England boss Gareth Southgate believes VAR has not done anything to resolve controversial refereeing decisions.

The off-field decision-making process has come under renewed fire this week after Liverpool were denied a fair goal in their defeat at Tottenham when VAR Darren England mistakenly thought the on-field decision was onside and inadvertently validated the linesman’s offside call, with play restarting before the mistake was noticed.

There has been a huge fallout from the gaffe, with Reds boss Jurgen Klopp calling for the game to be replayed while the Professional Game Match Officials Limited (PGMOL) has announced a review into VAR and its practices.

Southgate has always been against it and says nothing has changed from when on-field decisions were final.

“Well, all I would say is everybody used to go to the pub and moan about the ref and they still go to the pub and moan about the ref,” he quipped.

“So I’m not sure what we’ve resolved, really. I don’t like it, never have, so I have sort of dismissed it.
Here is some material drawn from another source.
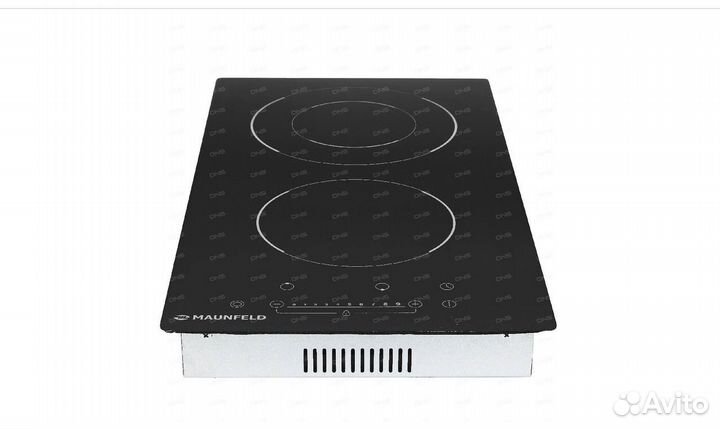 Варочная панель maunfeld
“I just was always brought up as a kid that the referee’s decision was final. You might agree or disagree but we have to get on with it.

“I didn’t ever feel we were going to resolve every issue.



All I would say is everybody used to go to the pub and moan about the ref and they still go to the pub and moan about the ref

Gareth Southgate

“I think we are probably too far down the line now to go back but I didn’t like it from the off.

“Once you open up a technology opportunity, you are normally going that way and you have got to refine and improve on what happens. But yes, I don’t like it.”

The PGMOL has taken unprecedented steps in recent times of retrospectively releasing audio of the decision-making process, including England’s expletive-filled mistake at the weekend.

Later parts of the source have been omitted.